> **Work item**:
Starting with the line with "Rudel & Co." in the entries below and going on through the line with "Equate Hemorrhoidal Suppositories", output every line exactly and nothing more. No pictures.

> **Supplied entries**:
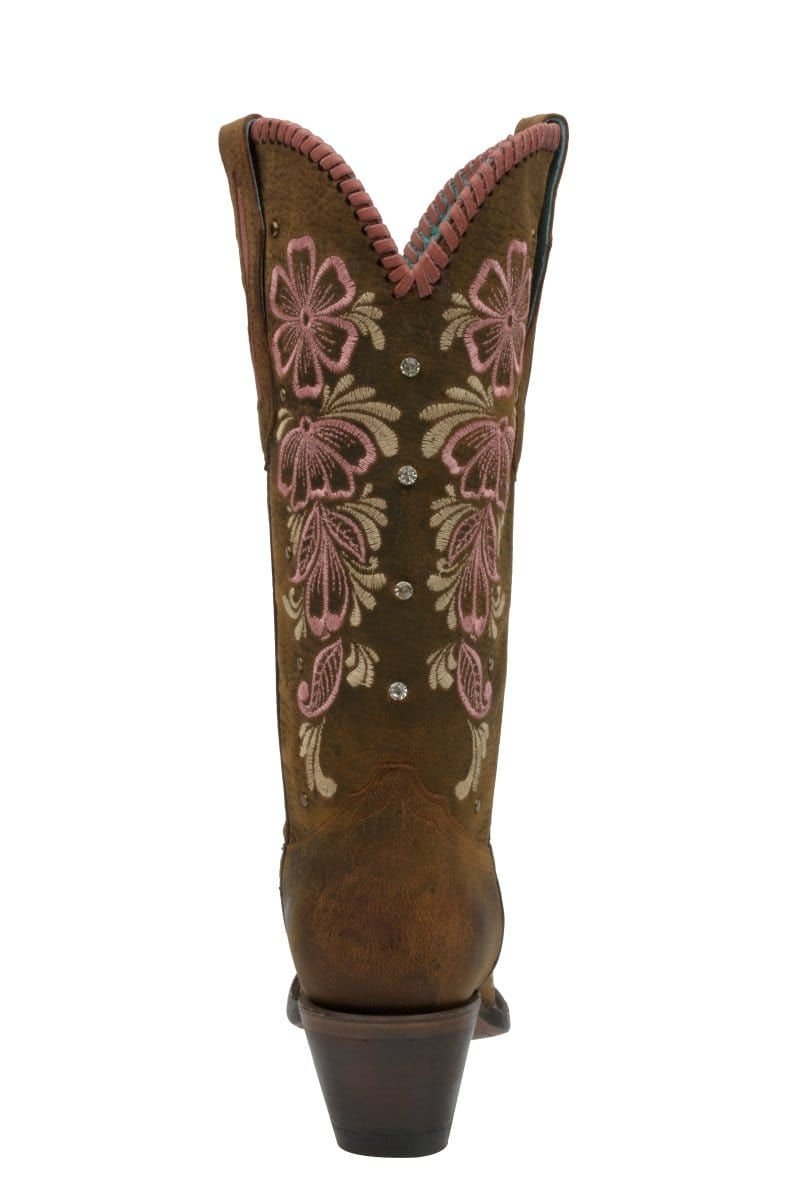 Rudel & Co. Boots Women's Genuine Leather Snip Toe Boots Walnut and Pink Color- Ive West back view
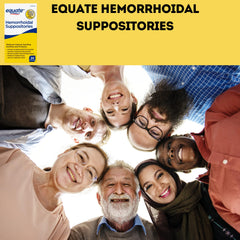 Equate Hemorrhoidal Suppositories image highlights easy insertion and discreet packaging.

---

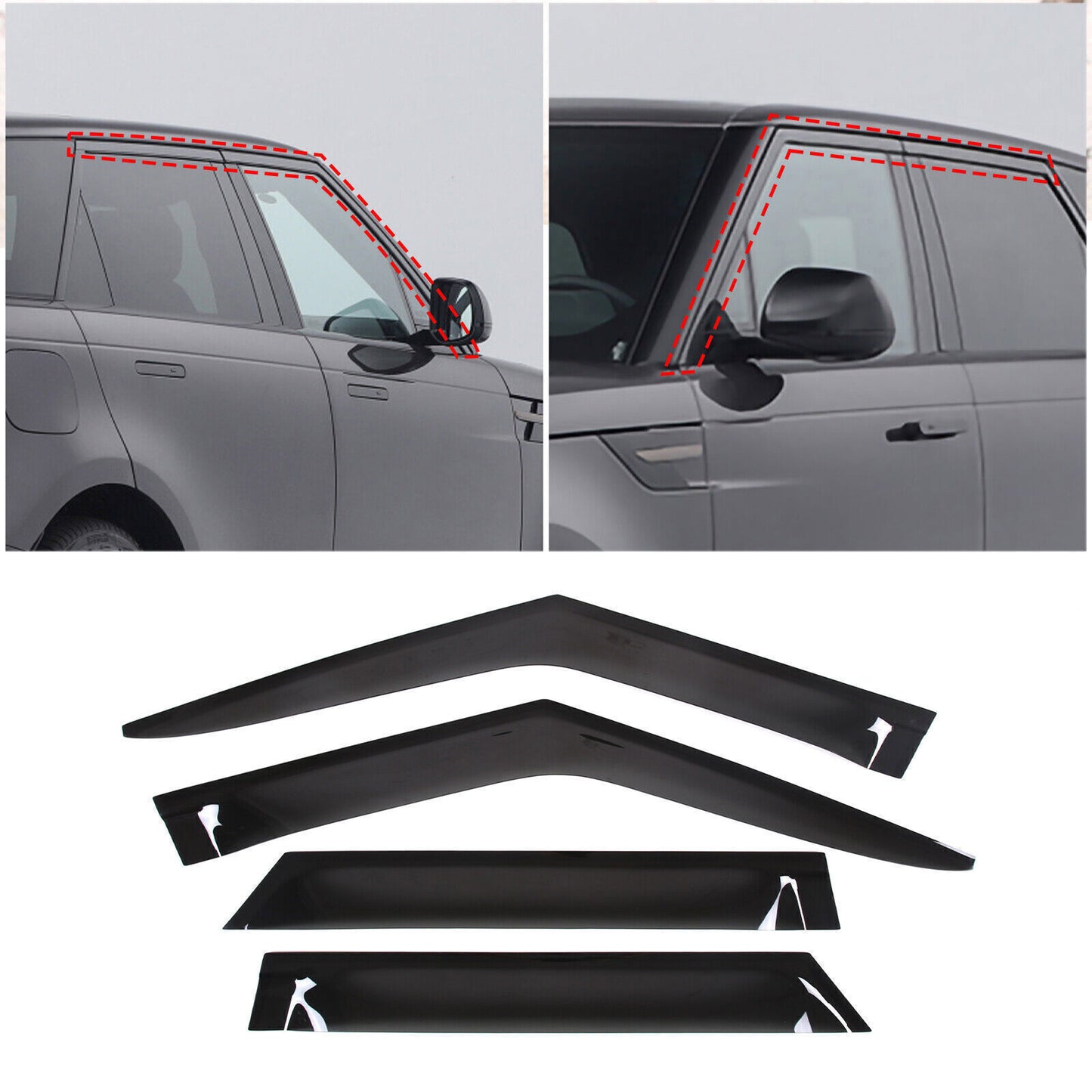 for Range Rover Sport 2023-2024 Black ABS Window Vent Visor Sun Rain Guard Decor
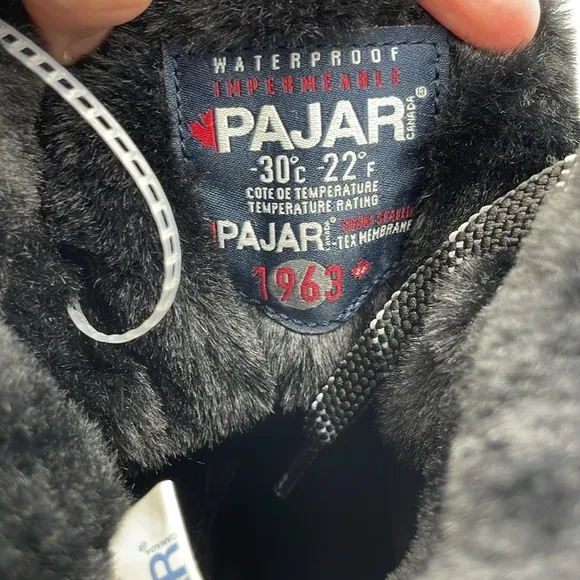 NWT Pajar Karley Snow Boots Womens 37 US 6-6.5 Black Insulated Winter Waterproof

> **Solution to the problem**:
 Rudel & Co. Boots Women's Genuine Leather Snip Toe Boots Walnut and Pink Color- Ive West back view
 Equate Hemorrhoidal Suppositories image highlights easy insertion and discreet packaging.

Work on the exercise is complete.